The browser instance's cohort calculation is based on the following inputs:
A subset of the registrable domain names (eTLD+1's) in the browser's Chrome
history for the seven-day period leading up to the cohort calculation.
A domain name is included if some page on that domain either:
uses the document.interestCohort() API, or
is detected as loading ads-related resources (see [Ad Tagging in
Chromium](https://chromium.googlesource.com/chromium/src/+/HEAD/docs/ad_tagging.md)).
The API is disabled, and the domain name is ignored, on any page which is
served with the HTTP response header Permissions-Policy: interest-cohort=().
Domain names of non-publicly routable IP addresses are never included.
The inputs are turned into a cohort ID using a technique we're calling PrefixLSH. It is similar to a SimHash variant called SortingLSH that was described by our colleagues in Google Research and Google Ads last October.
The browser uses each domain name included in the inputs to
deterministically produce one 50-dimensional floating-point vector whose
coordinates are pseudorandom draws from a Gaussian distribution, with the
pseudorandom number generator seeded from a hash of the domain name. (Note:
ultimately in all the 50-dimensional vectors described here, only the first
20 coordinates are ever used; the length of 50 is vestigial.)

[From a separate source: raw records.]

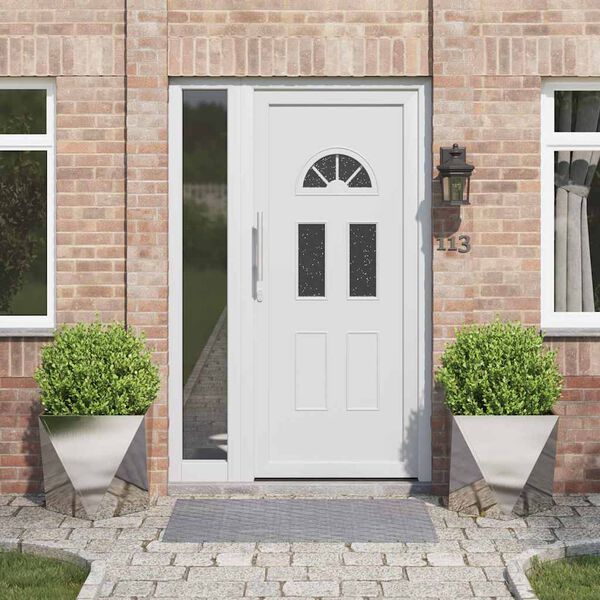 Kuvatakse tootepilt 2 / 12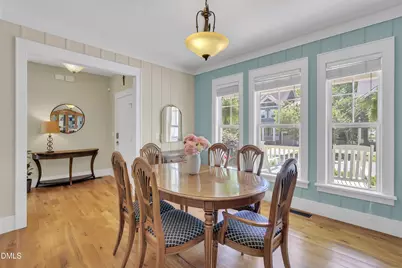 301 Streamwood Drive, Holly Springs, NC 27540 - Photo 12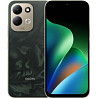 Смартфон Xiaomi Redmi 17 4/256GB Oak Green UA Харків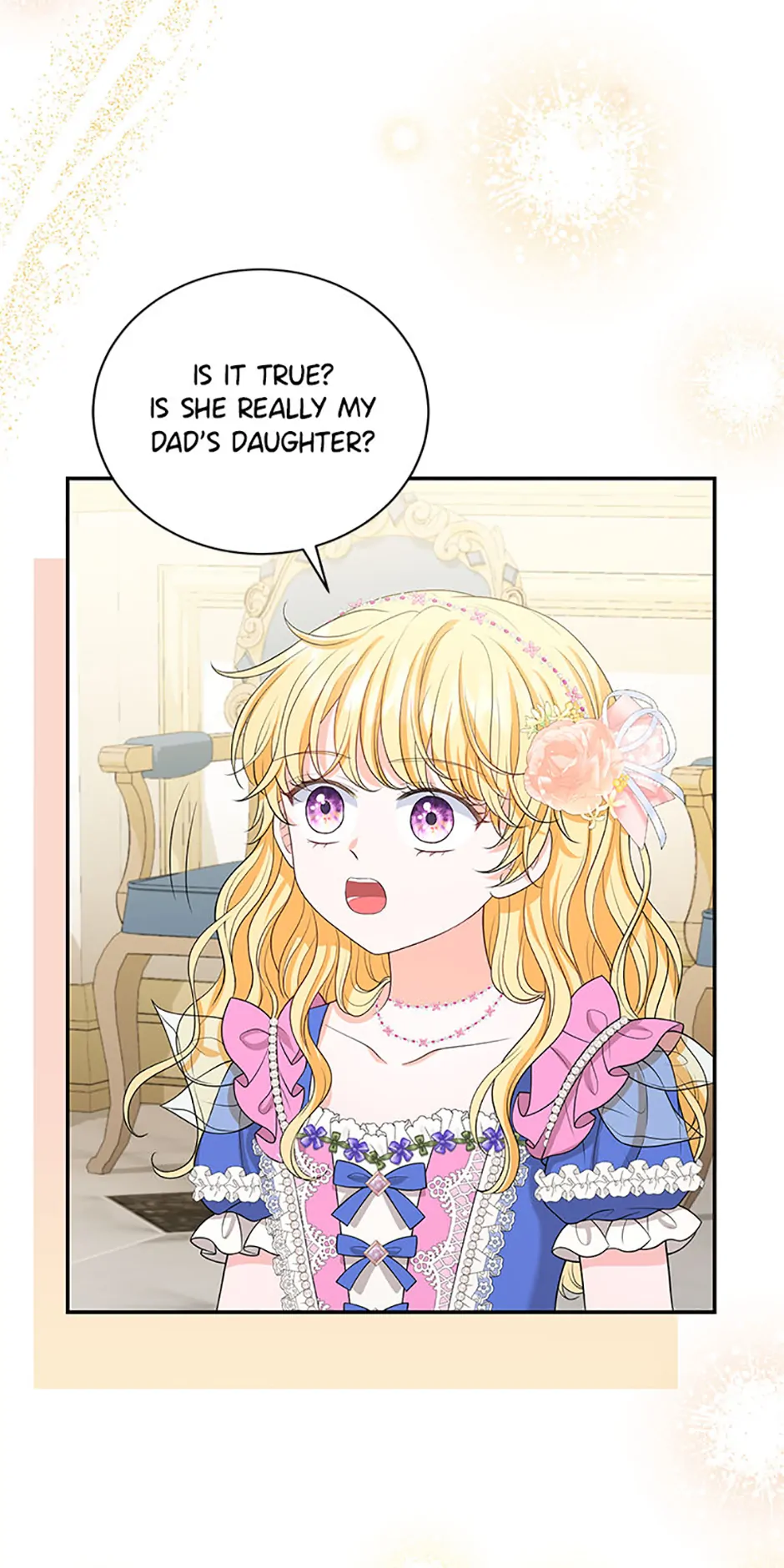 Chapter 58 - Image 19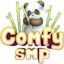 ComfySMP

The browser then uses the full set of domain name inputs to
deterministically produce a 50-bit Locality-Sensitive Hash bitvector, where
the i'th bit indicates the sign (positive or negative) of the sum of the
i'th coordinates of all the floating-point vectors derived from the domain
names.
A Chrome-operated server-side pipeline counts how many times each 50-bit
hash occurs among [qualifying
users](https://github.com/WICG/floc#qualifying-users-for-whom-a-cohort-will-be-logged-with-their-sync-data)
— those for whom we log cohort calculations along with their sync data.
The 50-bit hashes start in two big cohorts: all hashes whose first bit is 0,
versus all hashes whose first bit is 1. Then each cohort is repeatedly
divided into two smaller cohorts by looking at successive bits of the hash
value, as long as such a division yields two cohorts each with at least 2000
qualifying users. (Each cohort will comprise thousands of people total, when
including those Chrome users for whom we don't sync cohort data.)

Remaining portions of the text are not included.